TASK PROMPT: From first line to last, copy the listing exactly and omit its pictures.

RAW DATA:
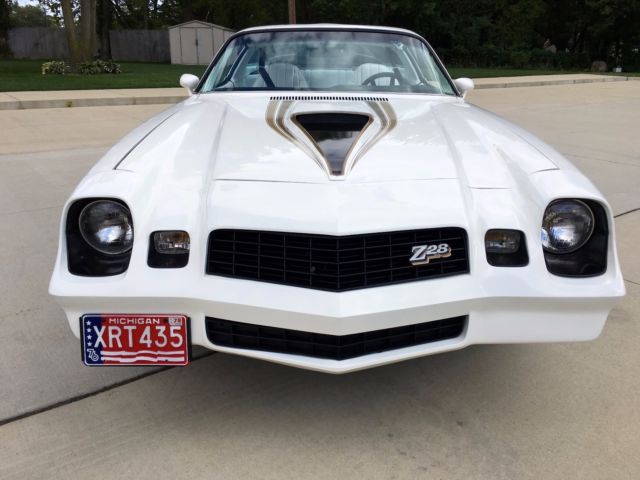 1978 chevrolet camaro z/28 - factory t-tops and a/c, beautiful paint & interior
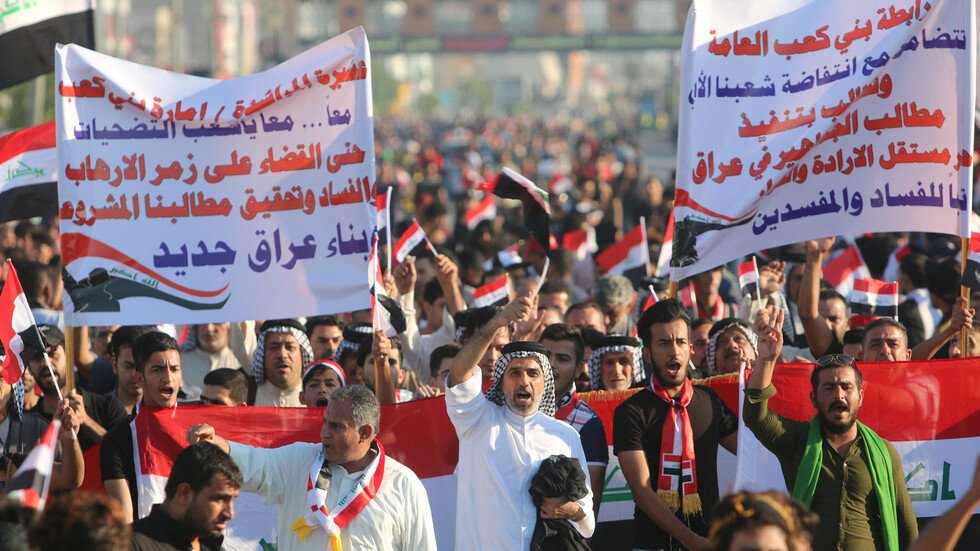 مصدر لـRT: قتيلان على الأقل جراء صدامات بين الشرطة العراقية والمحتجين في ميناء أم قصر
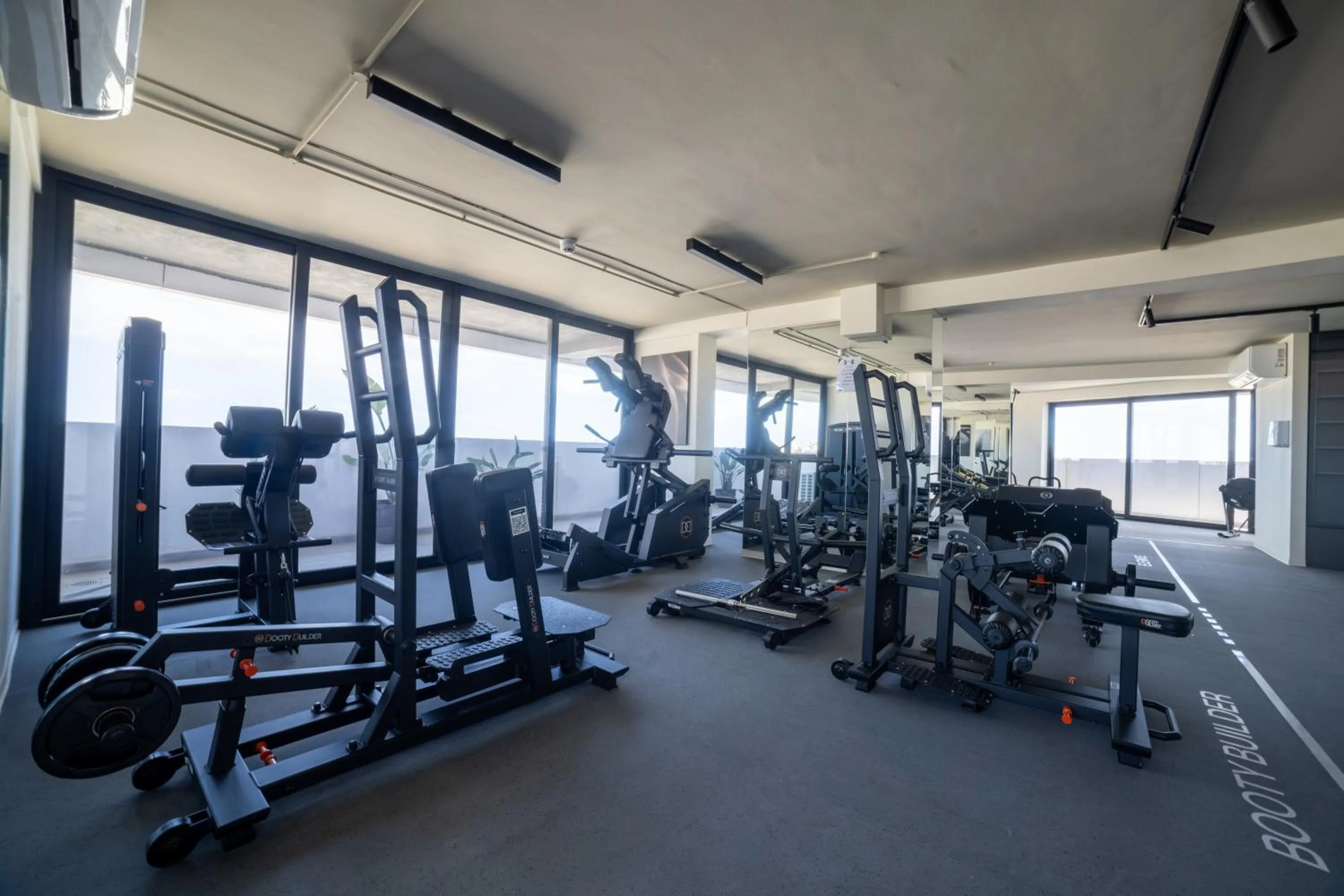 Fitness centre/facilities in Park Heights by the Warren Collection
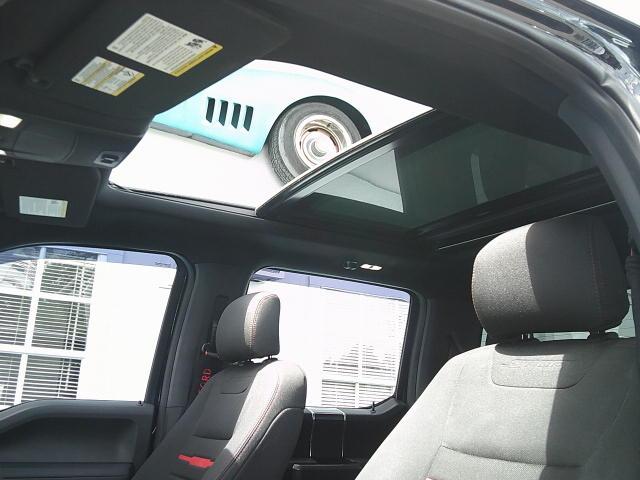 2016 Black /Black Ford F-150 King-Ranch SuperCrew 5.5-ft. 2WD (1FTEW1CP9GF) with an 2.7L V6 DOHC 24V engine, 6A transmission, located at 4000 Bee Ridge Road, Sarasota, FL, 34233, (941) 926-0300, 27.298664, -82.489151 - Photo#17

REPLY:
 1978 chevrolet camaro z/28 - factory t-tops and a/c, beautiful paint & interior
 مصدر لـRT: قتيلان على الأقل جراء صدامات بين الشرطة العراقية والمحتجين في ميناء أم قصر
 Fitness centre/facilities in Park Heights by the Warren Collection
 2016 Black /Black Ford F-150 King-Ranch SuperCrew 5.5-ft. 2WD (1FTEW1CP9GF) with an 2.7L V6 DOHC 24V engine, 6A transmission, located at 4000 Bee Ridge Road, Sarasota, FL, 34233, (941) 926-0300, 27.298664, -82.489151 - Photo#17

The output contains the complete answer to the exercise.